● **Task objective**
Look below for the line with "set muay thai"; begin the copy there and stop after the line with "New Game Release -The Dog House Royal Hunt", keeping the text exact and the pictures out.

::: Data records

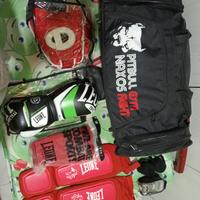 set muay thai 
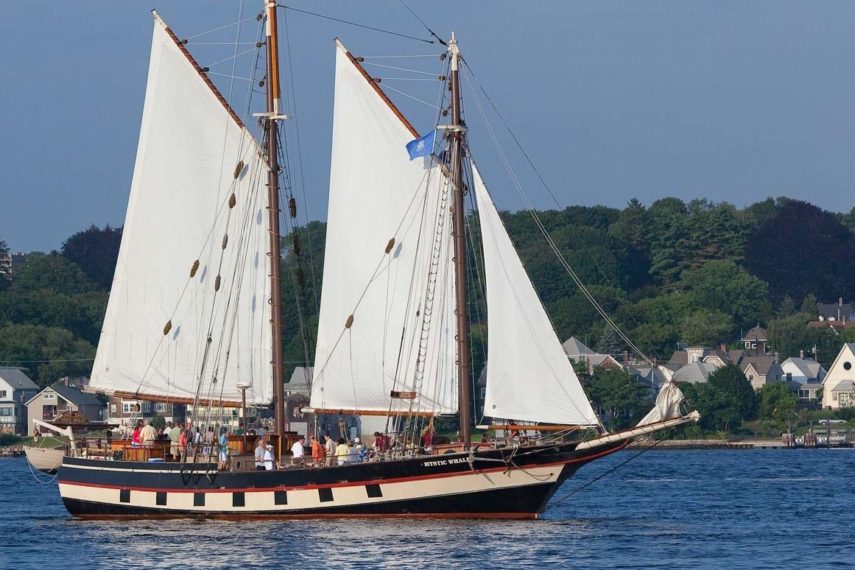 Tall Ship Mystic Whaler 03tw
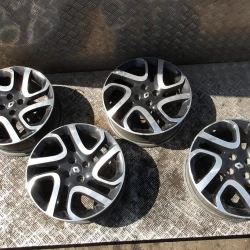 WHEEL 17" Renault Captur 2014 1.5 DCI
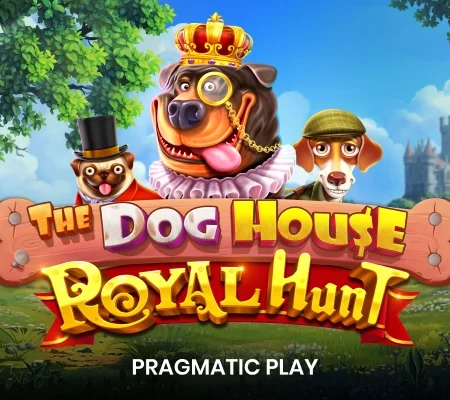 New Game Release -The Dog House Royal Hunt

::::::
::: Data records

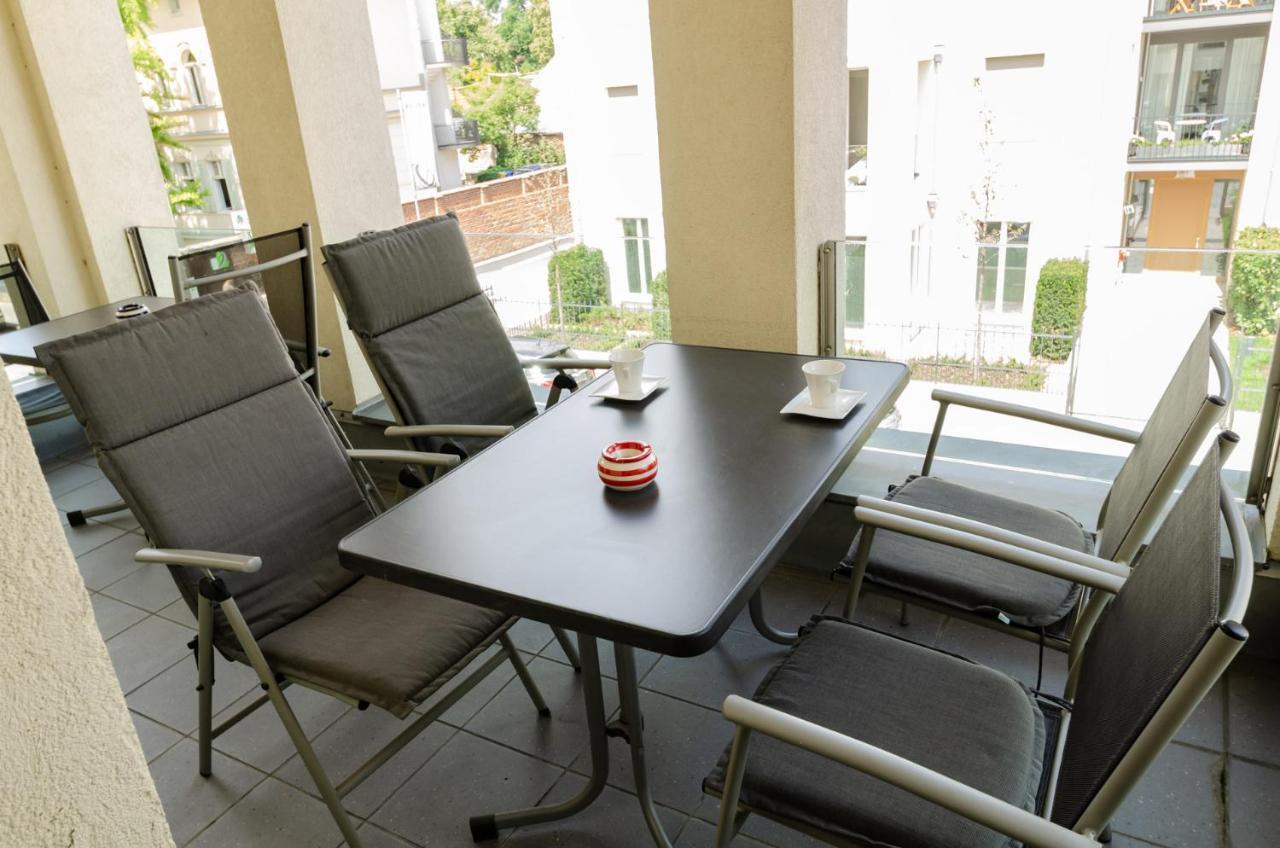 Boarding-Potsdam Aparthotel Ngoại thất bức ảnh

::::::
::: Data records

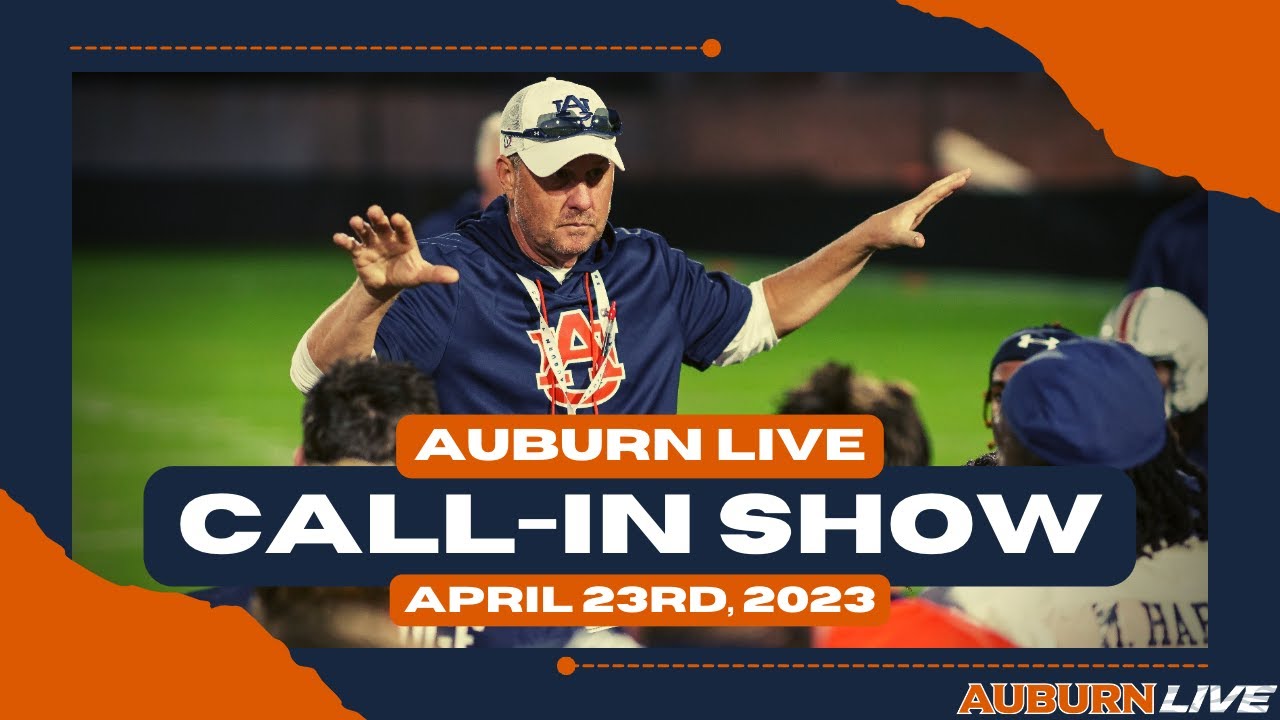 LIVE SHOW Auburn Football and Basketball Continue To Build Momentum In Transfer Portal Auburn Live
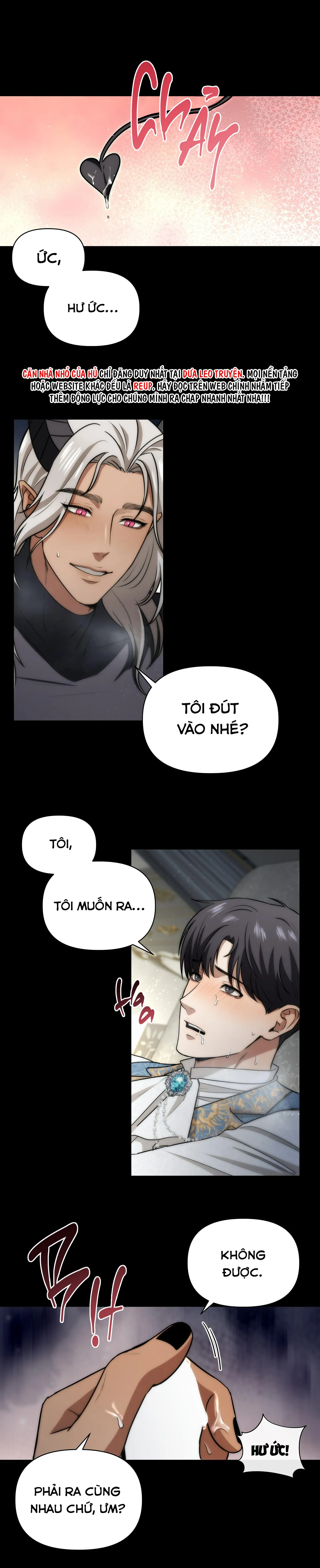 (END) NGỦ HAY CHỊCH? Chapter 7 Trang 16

::::::

● **Written solution**
 set muay thai 
 Tall Ship Mystic Whaler 03tw
 WHEEL 17" Renault Captur 2014 1.5 DCI
 New Game Release -The Dog House Royal Hunt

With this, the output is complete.